The fascinating part of this story is that the unemployment rate rose 0.2 percentage points (to 3.9 percent) in the midst of this surge in jobs creation. In addition to the 312,000 newly-hired workers, there were another additional 276,000 who were actively seeking employment. Since the US population only grew by 180,000 between November and December, this indicates that workers are continuing to come off the sidelines and rejoin the labor force. The labor force participation rate correspondingly rose by 0.2 percentage points (to 63.1 percent).
Women Leading the Way
But even more interesting is the fact that women fueled the increase in jobs, while men were responsible for the increase in unemployment (at least for last month). Adult women’s (20 years and over) employment increased by 269,000 while the number of unemployed adult women increased by 21,000. Adult men’s employment dropped by 132,000 while the number of unemployed adult men increased by 224,000. This is part of a larger trend—over the last year women have filled about 60 percent of new jobs. This odd result may partially reflect the effect of retirements since the baby boomer generation has a higher male-to-female employment ratio, but that explanation alone doesn’t seem sufficient for the size of these changes.

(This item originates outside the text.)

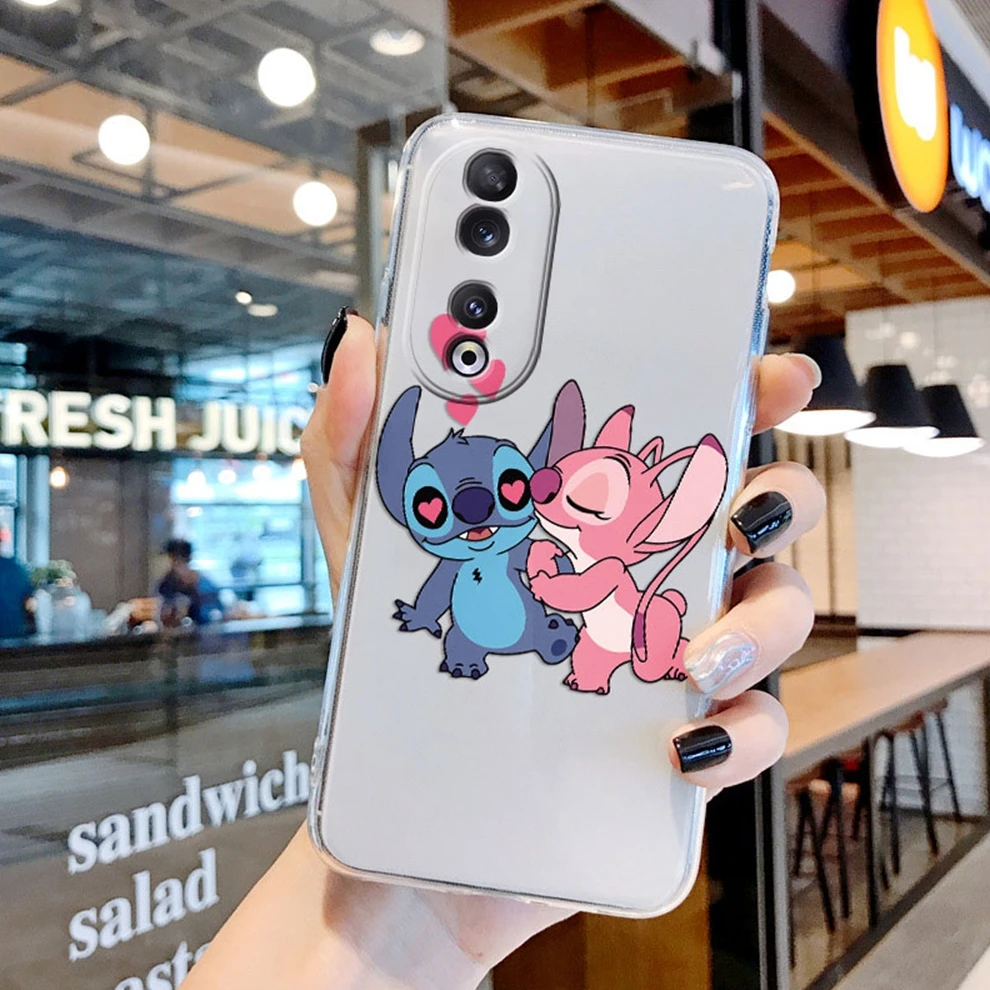 Funda For Honor 90 Lite X50i Back Cover  Coque Mickey Minnie Mouse Stitch Soft Silicone Clear Case For huawei honoe 90 Bumper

Wage growth continued to creep upward as well, with average hourly earnings increasing by 3.2 percent over the year, and average weekly earnings increasing by the same amount. Many pundits have expressed concern that wages aren't rising faster in an economy with such low unemployment, but the torrent of new jobs being filled month after month (220,000 new jobs per month on average over the last year) shows that, in general, employers aren't having substantial problems attracting new workers.
Despite all of this good news, the real question becomes: “How much better would the economy be doing now if the economic headwinds of trade wars and deficit uncertainty weren’t holding growth back?” We might have to invent a bigger word than “boom.”
Quick Statistics from the December BLS Jobs Report
Headline Employment Statistics
- Total nonfarm payroll employment increased by 312,000 jobs.
- The labor force participation rate increased by 0.2 percentage points to 63.1 percent.
- The headline unemployment rate (U-3) increased by 0.2 percentage points to 3.9 percent.
- The mid- to long-term unemployment rate (15 weeks or longer; U-1) held steady at 1.3 percent.
- The discouraged worker unemployment rate (U-4) increased by 0.1 percentage points to 4.1 percent.
- The comprehensive jobless rate (U-5b) increased by 0.1 percentage points to 6.9 percent.
Deeper Unemployment Statistics
- Long-term unemployed workers (27 weeks or longer) increased by 47,000 to 1,306,000; the proportion of long-term unemployed workers fell slightly to 20.5 percent of those who are unemployed
- The number of people who wanted to work full time, but who could only find part-time work for economic reasons, fell by 124,000 to 4,657,000, which was 18 percent of all part-time workers.
- Average hourly earnings rose by 3.2 percent over the previous 12 months.
- Average weekly earnings rose by 3.2 percent over the previous 12 months.